Mother washed Mondays and Fridays. Monday was clothes which she dipped in starch after they were washed and Friday was bedding and towels. Although she had a dryer, the only thing that she used it for was towels, everything else was hung on the line to dry or freeze dry or hung in the basement to dry. There were always clothes lines near the back door. Once dried, they were sprinkled and rolled up to dampen the clothes for ironing.

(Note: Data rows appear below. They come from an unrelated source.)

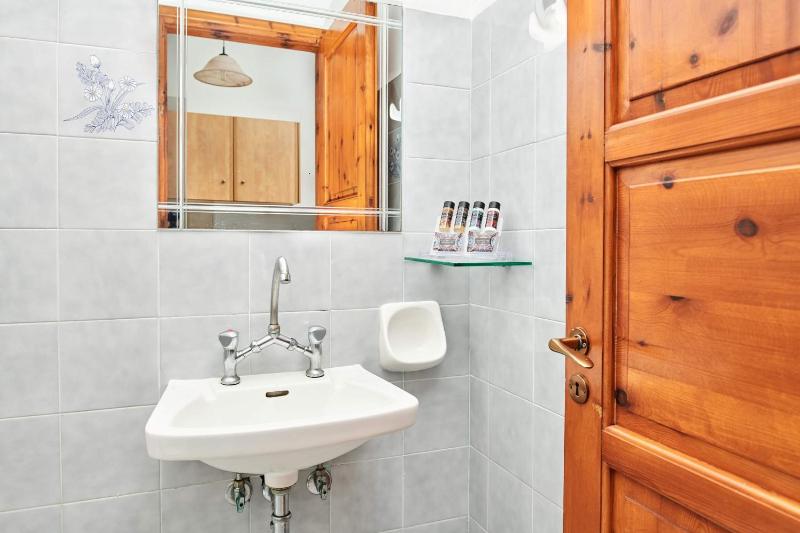 Standard Double or Twin Room with Sea View image 3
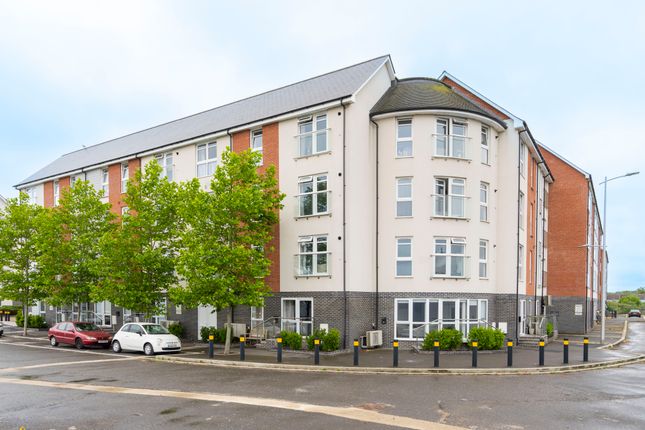 2-bed flat on 4, Adams Close, Poole, £200,000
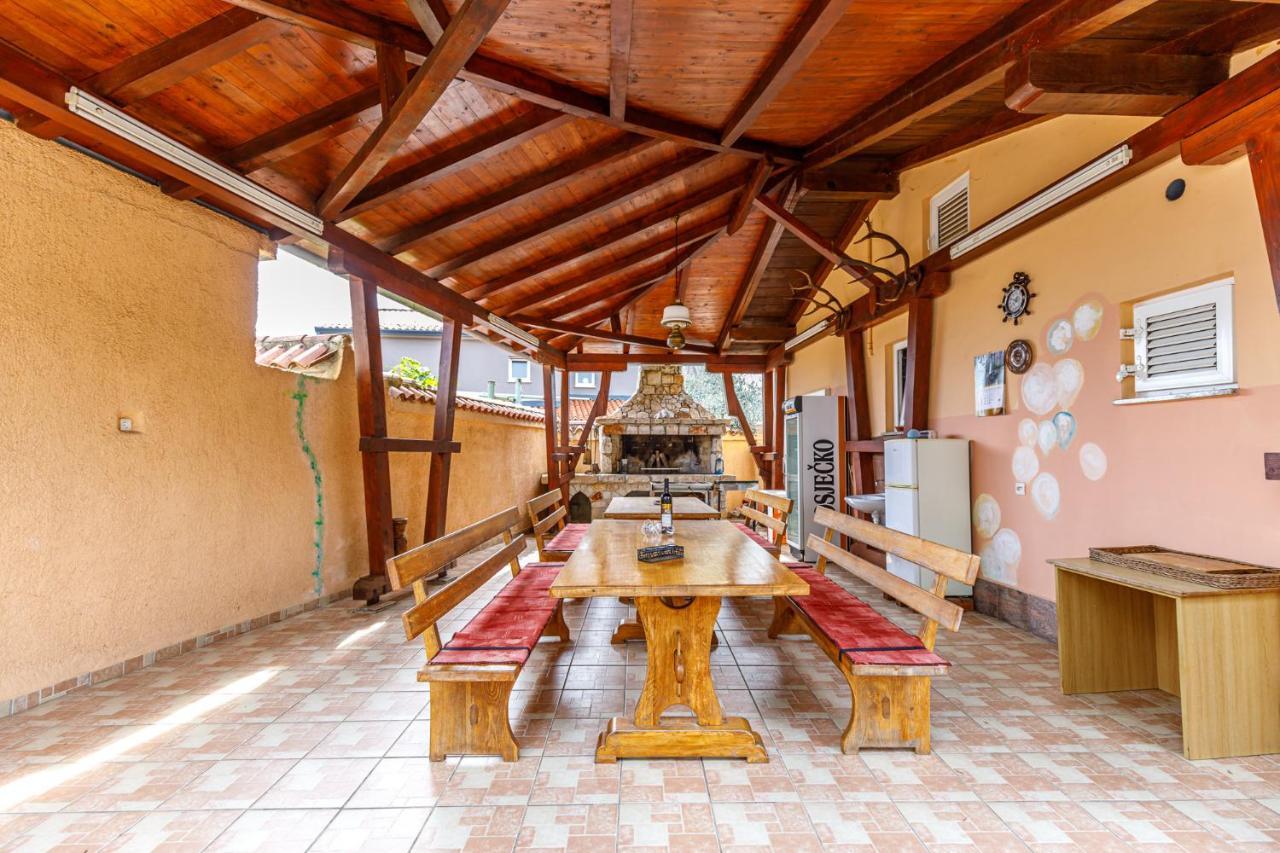 Ferienhaus Sascha In Porec Esterno foto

I do iron on Tuesday. Tom's dress shirts are pressed, pillies are removed, strings are snipped, and buttons checked. The best I can do is seven long sleeved shirts in an hour. Starch front, collar, and cuffs.

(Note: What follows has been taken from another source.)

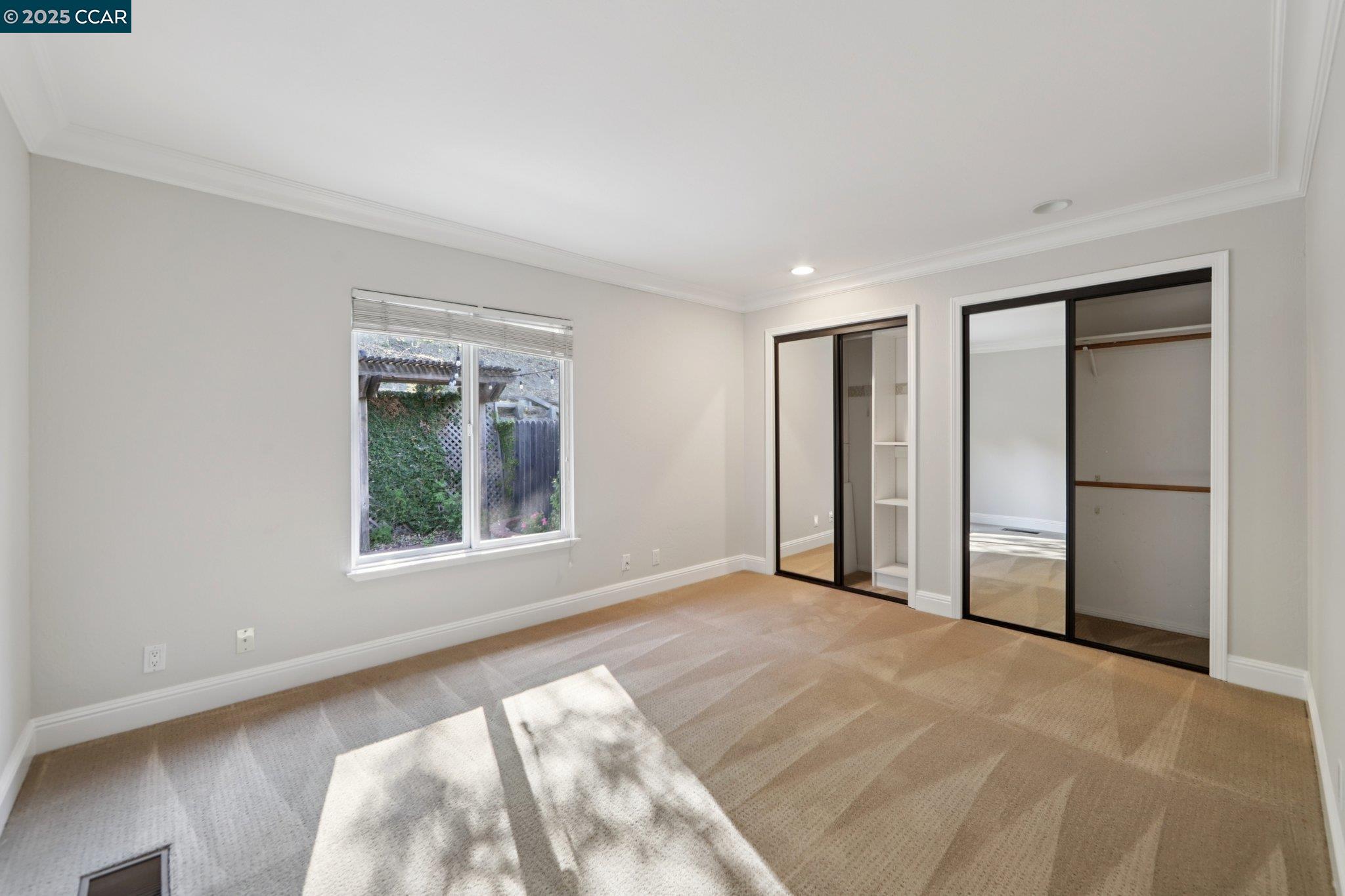 20 Broadmoor St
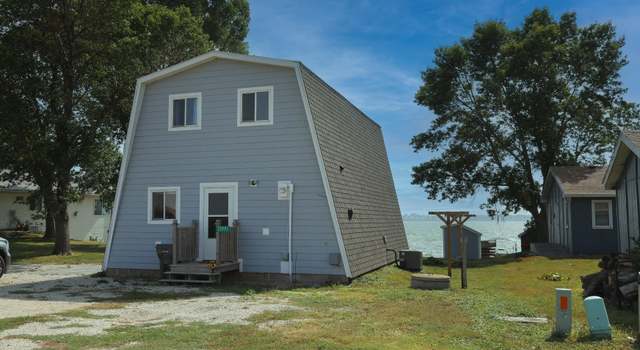 Photo of 25991 105th St, Spirit Lake, IA 51360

On Tuesday mother ironed. The board was up when I left for school and she was just finishing up when I came home. Everything was ironed, starting with the handkerchiefs and moving up to bras and boxer shorts. The last item ironed was daddy's work pants. There was no steam iron, spray starch, or permanent press. Daddy's dress shirts were sent to the laundry for full starching and folded. Starched so heavily that one had to puuuuuuuuuuuushhhhh your hand through the arm.

While mother may have mended, I use Wednesday to clean the upstairs and change the bed. I do not iron the sheets. The bathroom gets cleaned and the extra rooms upstairs with little traffic get dusted. Since we have radiator heat, I dust our bedroom every day.

As for mending, this may have meant mother darning socks which she never did. If there were buttons loose or a seam needed doing, she would actually do it before the item was washed. But grandma mended. She had a funny looking wooden utensil she would put the sock over to keep it taunt while she weaved and repaired.

There is much to be said about the duties of a grandmother or mother. Along with the household duties, grandmother, for example, had chickens to feed, a garden to tend, and canning to do in the fall. Consider that grandmothers did all of it without the appliances we have today. Farm families had livestock to feed and cows to milk. Day started before sun up. Everything was cooked from scratch, and for grandmother's the only 'free' meal was something she had canned, including meat. Without refrigeration and preservatives to keep foods fresh in the summer, it had to be made daily. How many of us have even considered baking bread on a daily basis?

I was raised in a house with the highest quality of cleanliness. It was never messy and everything had its place. Because the house was mother's responsibility, she took pride in caring for it. I was amazed as she grew older and it was just the two of them there was more stuff sitting around. More, but not a lot. Yet, she followed her pattern of washing and ironing as long as she was able. And yes, she took pride in her position as a stay at home wife and mother. And when you think about it, isn't that the goal we all want to achieve? Don't all of us want to hear our selves say we have a sense of worth and a sense of pleasure?

It is a hard comparison, isn't it? How do you compare a working mom with a stay at home? You don't. A working mom can only hope the jelly on the kitchen floor doesn't stick to her shoes on the way out the door; a stay at home mom cleans it up right away.

The best solution we might hope for is a good timer to beat the clock, a co-op attitude toward the house, a fresh sense of organization to set up what needs to be done and the energy to do it. But it still doesn't change the fact that a child is worth more swinging on a swing than mopping up the jelly.


The best story Old Trunks ever read was about a lady who was pregnant with her second child. She and her son had gone to the market on a snowy day. The mother was fussy about her house. When they came home, the door was locked and she couldn't get in, (never mind the fact that she should have had a key, it really has nothing to do with the impact). She helped her son through a window, (never mind the window was open in the winter, it has nothing to do with the impact). It took way too long for him to get to the door to let her in. WHY? Because he scooted on his belly all the way to the door because he knew he would be in trouble if he got the freshly waxed floor wet.

The child will remember the time spent; the floor won't.